Big Data File Showdown – Avro vs Parquet with Python.

Apache Parquet vs Apache Avro

There comes a point in the life of every data person that we have to graduate from csv files. At a certain point the data becomes big enough or we hear talk on the street about other file formats. Apache Parquet and Apache Avro are two of those formats that been coming up more with the rise of distributed data processing engines like Spark.

I’ve used both Parquet and Arvo for projects, but at the beginning it wasn’t very obvious the difference between these two big data formats, when to choose which, and what support there is for each format in Python. I want to dig into those topics and talk about what you can expect when using Parquet and Avro with Python, and generally when you should choose one file over the other.

Basics of Apache Avro

The Avro file format has been around as long as Hadoop has been here. It is often coined as a “data serialization” framework. It’s always touted as being able to handle flexible and wide ranging data structures, even hierarchical within records. It’s also built to be row-oriented (different from Parquet).

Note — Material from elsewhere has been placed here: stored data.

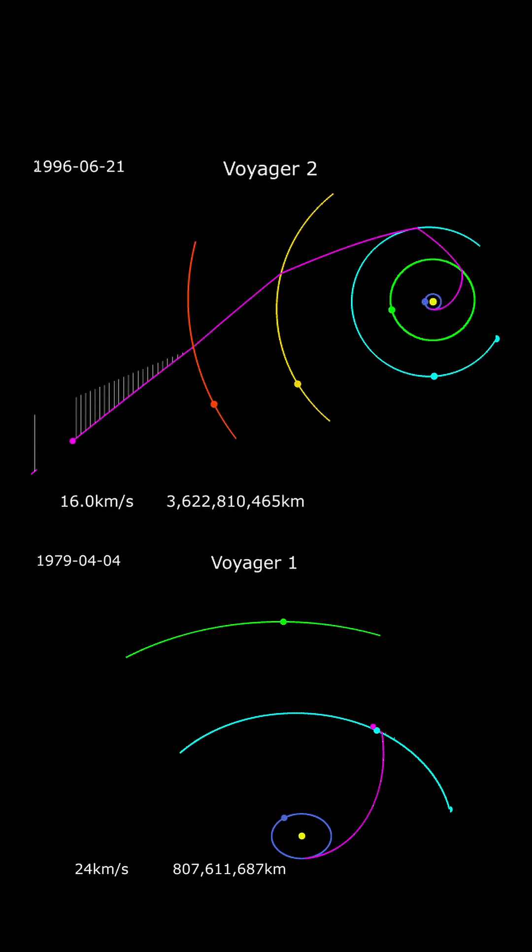Upon getting the first Voyager images of Saturn, imagine their surprise when NASA planetary scientists saw straight lines. Long straight lines don't tend to exist in space or anywhere in nature, really. Thus, Saturn's hexagon was discovered in 1980 thanks to Voyager 1 and Voyager 2. But it was just discovered, not really explained. The Voyager trajectories had their eyes set on interstellar space, so they provided a glimpse but no complete image of the hexagon.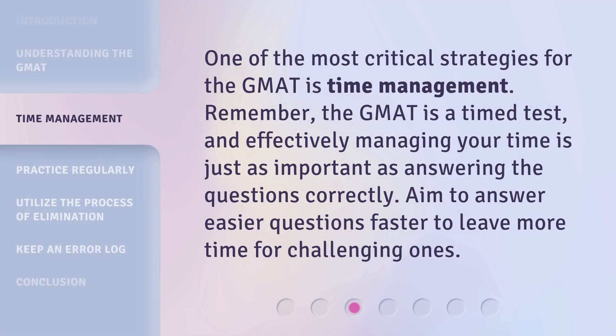One of the most critical strategies for the GMAT is time management. Remember, the GMAT is a timed test, and effectively managing your time is just as important as answering the questions correctly. Aim to answer easier questions faster to leave more time for challenging ones.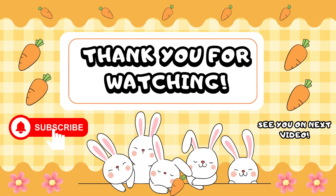Thank you for watching. Don't forget to like and subscribe to my channel for more fun learning videos.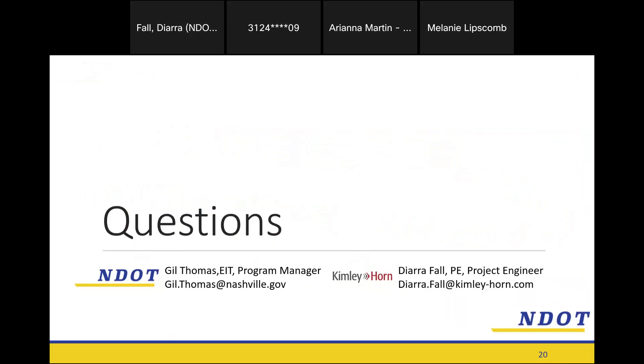That concludes the presentation. Here is some contact information — Gil Thomas is the program manager at NDOT, and Jara is the project engineer. If you have further questions or your neighbors want to ask follow-up questions, we're happy to answer them. The recording of this meeting will be posted online on the Metro YouTube channel, so anyone who missed this meeting can also watch the recording.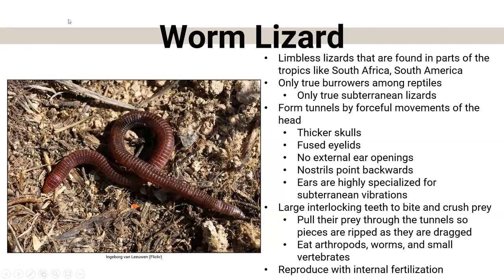Worm lizards are completely subterranean — they are always underground. They have no limbs and are found in places like South Africa and South America. They're true burrowing lizards, so they have many unique adaptations: thicker skulls, fused eyelids so dirt doesn't get in their eyes, no external ear openings, nostrils that point backwards, and ears highly specialized for listening to vibrations. How they feed is quite terrifying — when they find something, they bite into it, then suddenly move backwards really fast, dragging their prey along the tunnel and ripping off pieces as they go. They eat arthropods, worms, and sometimes small vertebrates. They do reproduce with internal fertilization — they have to go find a mate.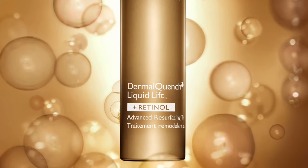A lot of people ask me, Kate, when do I start using retinol? And I really tell them in their late 20s or early 30s, you should be peppering in a retinol product.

It’s interesting to note that the Avro format is used widely in the RPC space, to communicate messages and data across networks. This is where it widely differs from Parquet.

One of the first things you will notice when starting to read or work with Avro is that the Schema is an integral concept. You can’t write data to an Avro file without having or defining a schema first. Most commonly the schema is defined with JSON, which makes it very approachable, but very different from most file systems you are probably used to.

Let’s jump to exploring how to read and write Avro with Python. There are a few options when it comes to Avro packages. We can go with the Avro projects implementation of Python itself, avro, or another popular choice is fastavro. FYI, you will find the base avro official package is completely out of date, lacks documentation, and is notorious. Do yourself a favor and stick with fastavro.

Python code for working with Avro files.

pip3 install fastavro

The first thing you will also have to do when starting to create a Avro dataset is going to be reading in or creating the Schema. In most cases it will be easy to just write a Python dictionary and keep it in memory or a JSON file.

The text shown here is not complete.